I’m kicking around the concept of a little frontier town campaign in my head. In my mind one of the exciting parts of this style of game is exploration, and one of the fun old school exploration features is finding unexpected, and often uneasy allies in dangerous terrain. However, allies can be dangerous to a “taming the wilderness” style game because they provide pockets of safety and extra resources, and too much of either can derail the sense of unknown, danger, and isolation that are essential to the game.

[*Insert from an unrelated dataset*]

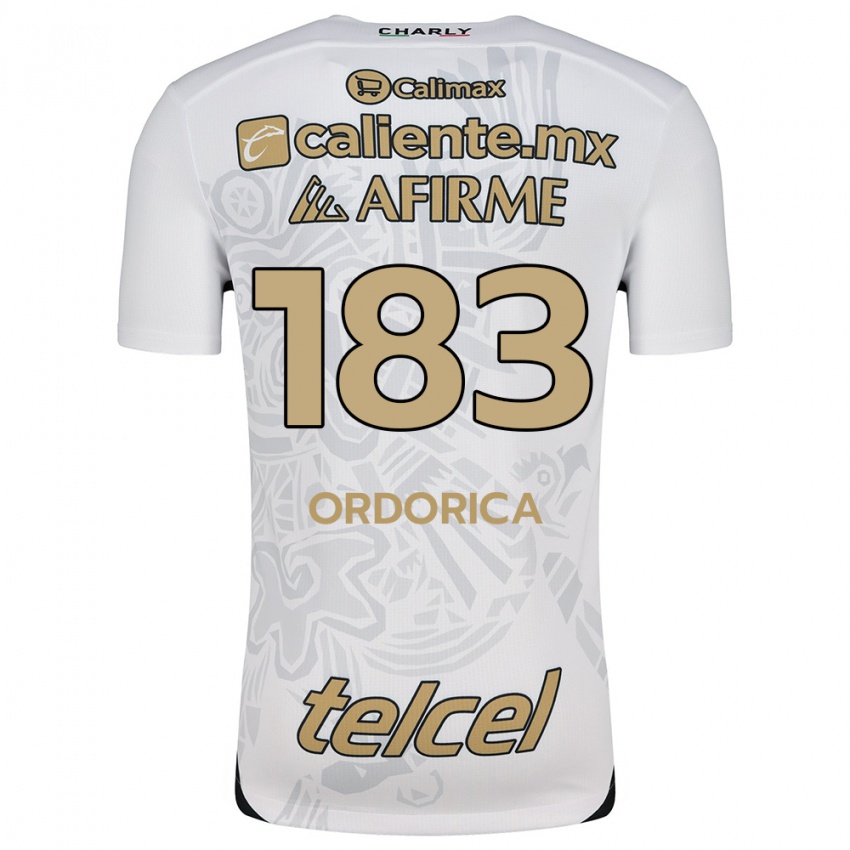 Niño Camiseta Brandon Ordorica #183 Blanco Negro 2ª Equipación 2024/25 La Camisa México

In light of this line of thinking, I’ve thought about what a group of allies needs to have and needs to NOT have to fit into this type of game better. I’ve already superficially covered this topic and provided a template for NPC organizations. Think of what follows as addenda that are worth thinking about for a few minutes. Your allies should have:
- Limited Scope — If your ally is a massive, powerful, resource rich organization why are they your allies? What do you bring to the table and why do they need you? Why are there still problems outside their door that need solving? This is the same type of issue that crops up a lot in zero-to-hero save the world type of games (and MMOs). Why is Benny the level 58 Paladin recruiting your bedraggled group of level 1s to secure the McGuffin and not going and getting it himself? Giving groups limited resources and manpower and keeping them stretched thin means that there’s an incentive for them to team up, to trade and to ask for help. It also means that they can’t afford to help out for free which means more potential for negotiations, swapping favors, and adventure. You can think of this in terms of the four economic factors of production: land (natural resources), labor (people), capital (money, equipment, and facilities), and entrepreneurship (the driving force to assemble the other three into a finished product). Allies should be short on at least one of these, if not several or all of them.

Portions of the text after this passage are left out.